Lifetime debuted, as it does during the holiday season, a new Christmas movie, but with a bit of a twist for the standard. The Christmas Setup is the first LGBT movie to debut on the network, which may have been influenced by the Hallmark Channels debut of The Christmas House. I have already reviewed that feature and have linked it here if you want to check it out. I will say I really liked The Christmas Setup, keeping in mind this is a Christmas comfort watch, and thought I would give some of my thoughts on this feature as well.
If you haven’t heard of this movie or are not big into made for tv Christmas movies, the plot of The Christmas Setup is that Hugo, a high level lawyer in his firm, is coming home for Christmas after giving his boss an ultimatum. If they don’t make him a partner then he will go find another job. That stress is weighing on him for most of the movie and while with his best friend Maddy they decide she should come home with him too. The fact that Hugo is gay is not really highlighted, he does mention Maddy is single and that they should focus on her and later in the movie he does say he is gay, but only after he and Maddy are mistaken for a married couple. Hugo is played by Ben Lewis and Maddy is played by Ellen Wong, but the biggest surprise name to me was Fran Drescher. I had no idea she was in this movie and she plays Hugo’s mom. She is constantly overbooked for the holidays and because Maddy and Hugo are there she had pulled them into her very busy schedule. During this scheduling she has ensured that Hugo will cross paths with Patrick, played by Blake Lee, who we learn was out in high school, while Hugo came out a bit later.

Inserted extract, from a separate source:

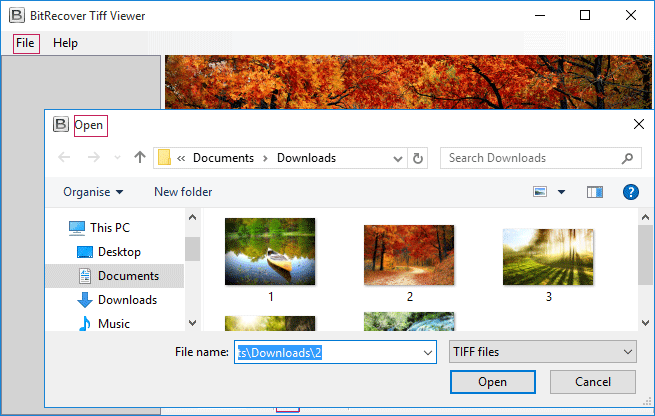 run free tiff file viewer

This is not a coming out story, but rather focused on these two men building a relationship. Now Maddy does also get hew own love connection when Hugo’s brother Aiden comes home for Christmas, but they are set as the secondary plot. When Hugo learns he will get the promotion, but that it involves moving to London he tries to keep this quiet, but Maddy accidentally spills the beans. At this point he and Patrick had really been hitting it off, there have been romantic dates with Norther Lights, Christmas Tree Lot meals, and almost kisses, but Patrick ultimately doesn’t think long distance will work. Now for a Christmas movie this one has a few more plots than I expected with another plot being added involving Hugo trying to save a local train station where a Christmas Eve event always takes place. While Patrick is helping him they realize that the man who built the station was secretly in a relationship with a man. There are photos and there is pinky touching!! This is very important if you’ve seen basically any queer movie. Now I will say the ending is a bit ambiguous, my wife and I think Hugo stayed in Milwaukee and that he probably focused on the legal battle for the train station and possibly started woodworking, which he is very good at. Krista did point out to me that the reciprocity that his mother mentions is far more complicated than the movie said it would be. Hugo would not just suddenly be able to practice law so maybe that is why he has to stay to get that all worked out. As a lawyer, Krista is very insistent that movies should get lawyer consultants, especially because New York, where Hugo is licensed, has reciprocity with almost every state and the process to waive in is difficult to say the least.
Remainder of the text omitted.